==== Data
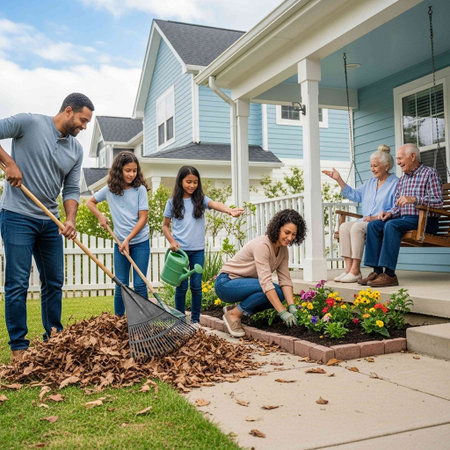Happy family gardening in front of their new house. They are sitting on the lawn with a rake.の写真素材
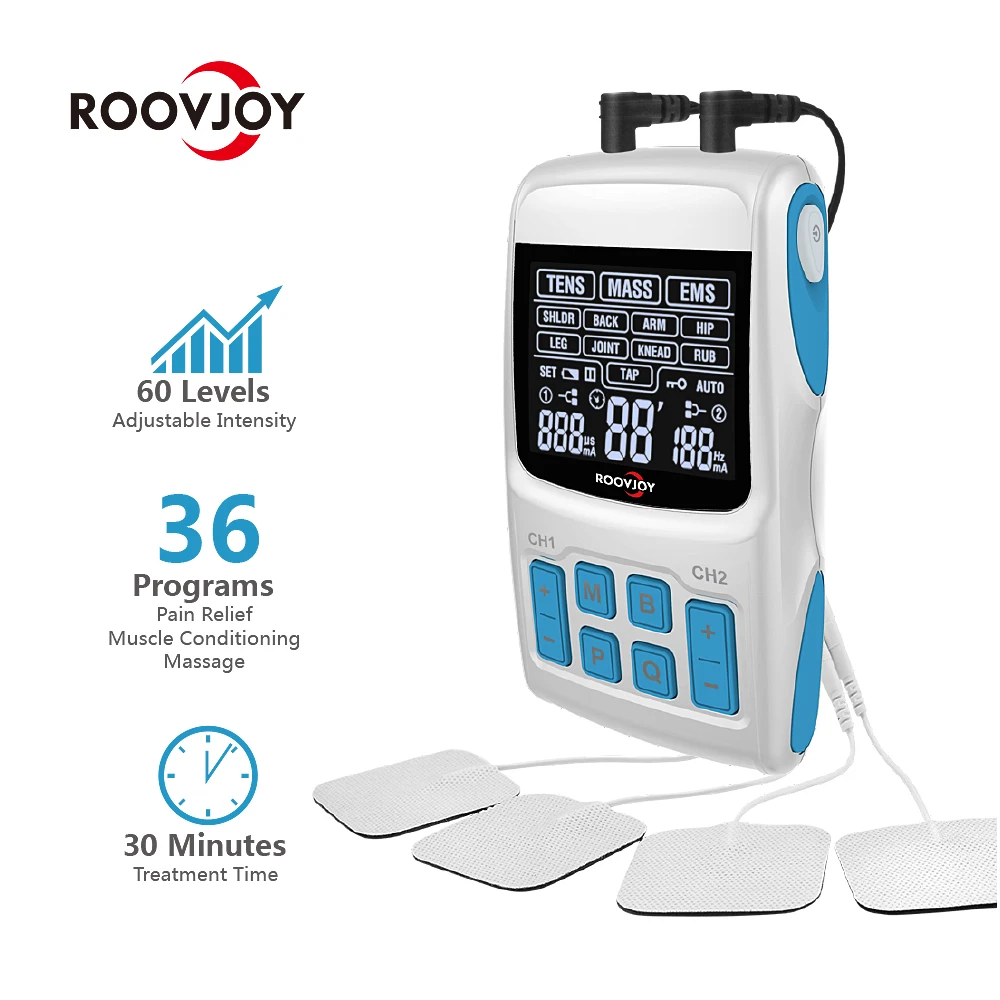 ROOVJOY tens unit + tens massager +EMS 3 IN 1 Combo 36 Modes 2 Channels TENS Machine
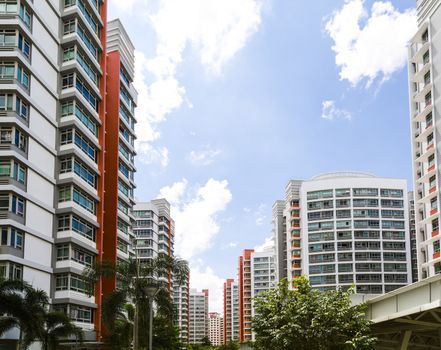 A orange color Residential Estate in a perspective view.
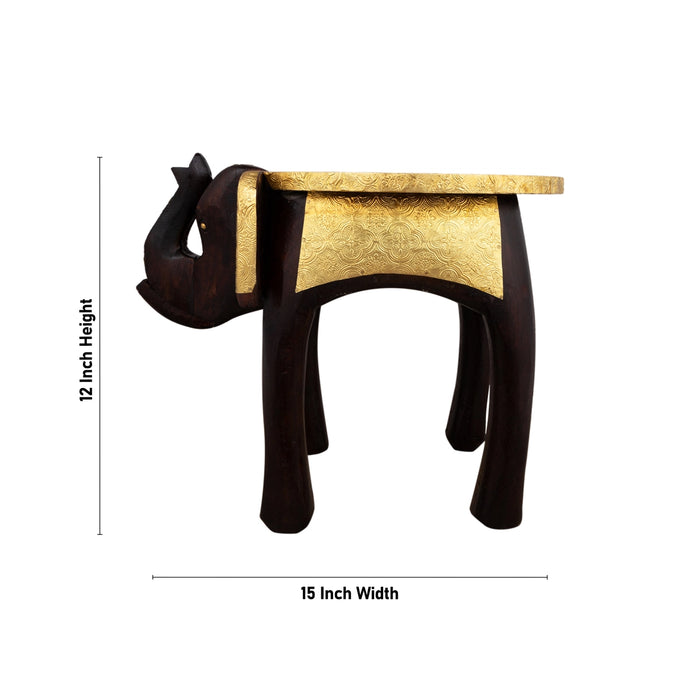 Elephant Stool - 12 X 15 Inches | Wooden Stool/ Brass Sheet Inlaid Decorative Stool For Home Decor - Handicraft Items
========
## Task goal
The result should be the full material above, word for word, with its pictures omitted.

## Answer to this exercise
Happy family gardening in front of their new house. They are sitting on the lawn with a rake.の写真素材
 ROOVJOY tens unit + tens massager +EMS 3 IN 1 Combo 36 Modes 2 Channels TENS Machine
 A orange color Residential Estate in a perspective view.
 Elephant Stool - 12 X 15 Inches | Wooden Stool/ Brass Sheet Inlaid Decorative Stool For Home Decor - Handicraft Items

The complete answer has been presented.